А впрочем, чтобы в Троицком случилась беда, барыне во гневе пребывать было не обязательно. Довольно было ей просто встать не с той ноги. Или увидеть мусорину на только что вымытом полу. Или обнаружить, что белье дурно простирано либо невкусно приготовлена еда. Или… Числа этим «или» не было! И начиналась жестокая «наука» провинившегося… Нет, чаще всего — провинившейся, потому что мужиков своих крепостных Дарья Николаевна старалась особо не портить, разве что уж совсем взбесит ее кто из них нерадивостью и неуслужливостью. А вот женщинам,
Схватив первое, что попадалось под руку: скалку, полено, палку или валек для белья, — матушка-барыня принималась учить виновных и учила их, покуда не уставала рука. Рука-то у нее уставала, да, к несчастью, владела Дарьей Николаевной лютая жестокость, и жестокость сия не знала никакой устали. Завидев кровь, заслышав жуткие крики мучимой жертвы, барыня просто не могла остановиться, входила в великий раж. Когда не было сил бить и истязать крепостных самой, призывала на подмогу безропотных, запуганных ею, вспоенных и вскормленных на ее жестокостях конюхов и гайдуков, которые со всего плеча секли несчастных жертв розгами, батогами, кнутом и плетьми. Но порою работой своих «штатных палачей» барыня оставалась недовольна, ей хотелось чего-нибудь погорячей, посолоней. И она призывала мужей или других близких родственников мучимой крестьянки или дворовой, предоставляя им право «свободного выбора»: быть либо палачом, либо жертвой. И удивлялась жестокосердию народишка: все предпочитали роль палаческую, никто не хотел добровольно подставлять голову под раскаленные щипцы, которыми тянули за уши, либо спину — под удары дубьем, которые в одночасье проламывали ребра…

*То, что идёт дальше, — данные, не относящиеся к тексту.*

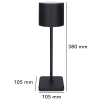 123led Oplaadbare tafellamp | 2000-2700-4000K | Dimbaar | IP54 | Zwart  LDR06589 - 5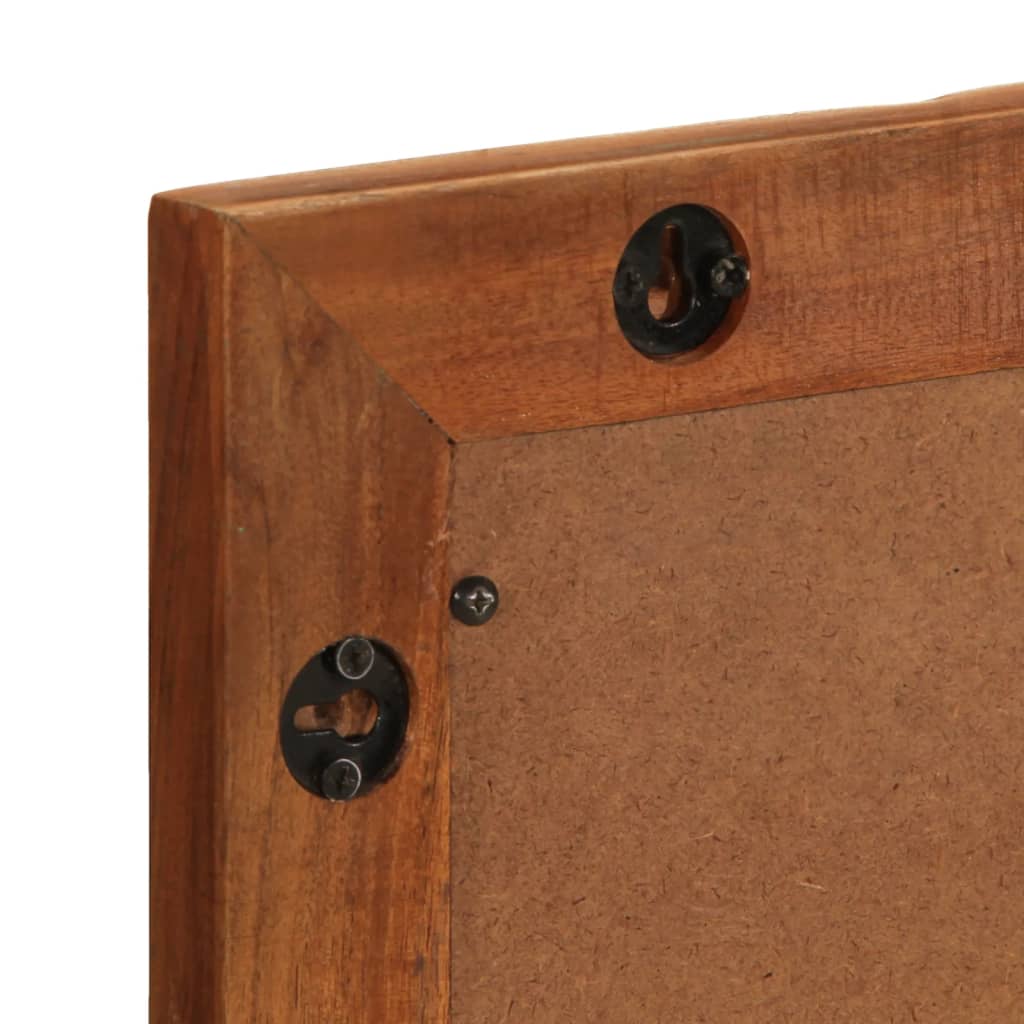 Espelho de casa de banho 50x70 cm acácia maciça e vidro - Image 8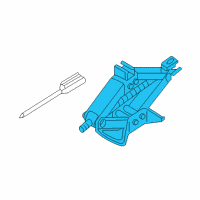 OEM 2010 Nissan Altima Jack Complete Diagram - 99550-JA00A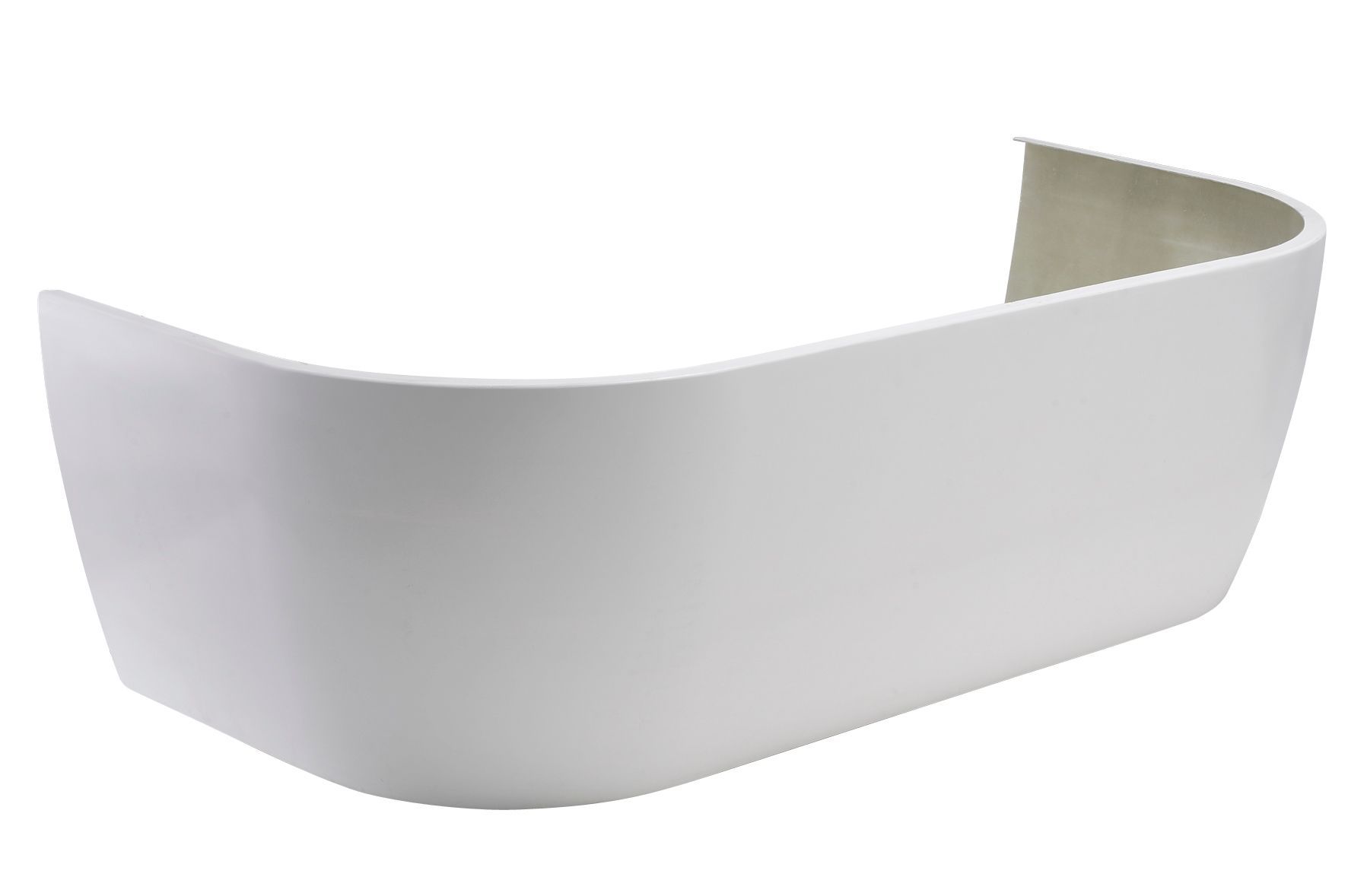 Trojan Baths LH & RH Reversible Acrylic Curved 6 Twin ended Bath, panel & air spa set, (L)1700mm (W)800mm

О нет, не сплетни плели соседи-недоброжелатели вокруг имени Дарьи Салтыковой, не мифы с легендами доносились до легкомысленного капитана Тютчева, а вполне правдивые слухи о немыслимых жестокостях своевольной красавицы, которую чаще звали не по имени и даже не по фамилии, а словно лютую зверюгу, со страхом и ненавистью: Салтычиха!
С этой неистовой жестокостью сравнимо было разве что ее сладострастие, которое бедолаге-межевщику привелось испытывать на себе… в течение шести лет!
Да, он и помыслить не мог, что Дарья Николаевна ни чуточки не лгала, когда заявила: мол, останешься тут навечно. Она, пожалуй, влюбилась в Николая Тютчева, если только может идти речь о любви применительно к ядовитой змее или бешеной росомахе. Она, пожалуй, даже вышла бы за него замуж, да не хотела давать невесть кому воли над собой, не желала терять власть творить в своих имениях все, что только взбредет в ее буйную, безумную голову. И потому она попыталась привязать к себе понравившегося ей мужчину единственным возможным способом — заперев его под замок.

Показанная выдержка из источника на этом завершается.